Do you perceive live ritual as a form of communion with the audience, or as an act of separation, creating a boundary between performer and observer?
Rarely as all the mundane irritations like shitty situations, technical mishaps and whatnot works like a cosmic finger up your arse and reminds you that you are a filthy human being. When you manage to overcome that though and hit the sweet spot it all makes sense. I can’t see it as a guarantee though when you’re an underground band that needs to rely on dodgy equipment and backstage areas that more resembles a cleaning closet, but it is what it is and what can you do?
Looking at the wider cultural landscape, do you think Black Metal can still shock, provoke, or spiritually awaken in the way it once did, or has its role changed?
The more “artificial” aspects of it can definitely do as I have seen people from the crowd faint, vomit, cry and react in pure disgust and act like offended cry babies having some delusional idea that they know what it’s about when in reality they are about as tough as the Teletubbies. For the religious parts, to truly chock or turn people’s heads inside out it’s probably very hard in this secular shithole of the world, and the people who openly follow the right-hand path I don’t think would consume us anyway, so I have a hard time seeing that happen.
Ultra Silvam stands at the intersection of tradition and innovation. How do you intend to carry your flame forward without letting it be diluted by trends or commercialism?
Thank you, that sounds like something I’d strive for! That should not be any problem as I’m living under a rock as it is and it’s hard to be influenced by current trends when you don’t come in contact with them so I’m positive it’s gonna continue just fine.
When the future looks back on Ultra Silvam, what do you hope your music will signify within the greater chronicle of Black Metal?
If the world still stands in a hundred years and there is just one person discovering Ultra Silvam and getting the same out of it as I did with Mayhem back when I was a kid, then I can’t complain at all. If it doesn’t, well it’s filled my life with further meaningfulness so it’s good either way.
Ultra Silvam are not merely participants in the Black Metal tradition, they are sculptors of its ongoing myth. Their music does not soothe; it desecrates. It does not entertain; it convicts. Within their hymns lie ancient symbols inverted and reborn, each song another chapter in a grim liturgy written against the silence of a world in decline.
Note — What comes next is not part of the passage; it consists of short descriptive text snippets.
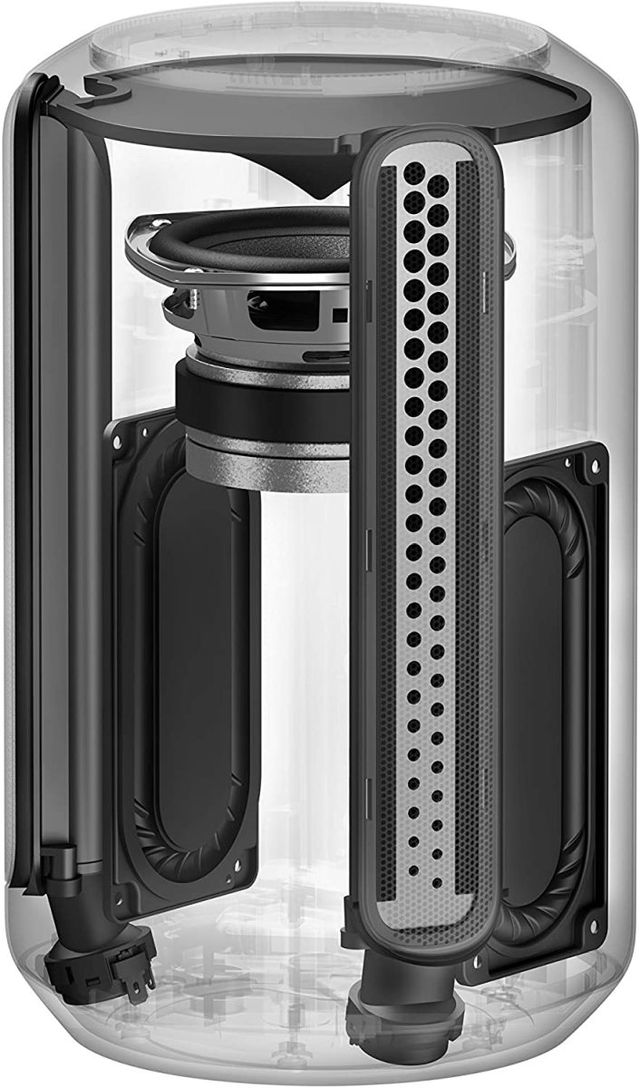 Sony® Black 360 Reality Audio Wireless Speaker-0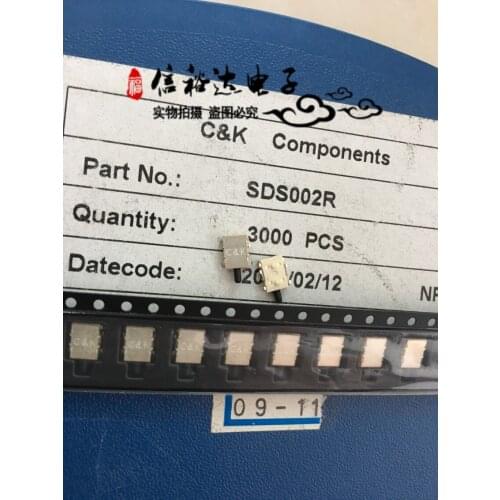 Original new 100% SDS002R input fast motion limit switch single pole single throw side drive test switch 12V 0.1A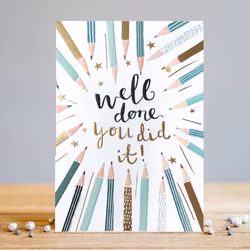 Louise Tiller  "Well Done Pencils"- KORT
After they summoned darkness at Invicta Requiem Mass in Portugal, the band stands poised between past and future, holding fast to the primordial violence of Black Metal’s essence while forging new allegories through sound and symbol. Whether through the tolling bells of “Tintinnabuli Diaboli”, the grotesque sacrament of “Of Molded Bread and Rotten Wine”, or the apocalyptic liberation of “Dies Irae”, Ultra Silvam continue to create a body of work that feels both timeless and immediate, both archaic and prophetic.
To engage with Ultra Silvam is to confront Black Metal not as a genre, but as a living myth, a force that will continue to evolve, desecrate, and illuminate in cycles yet to come.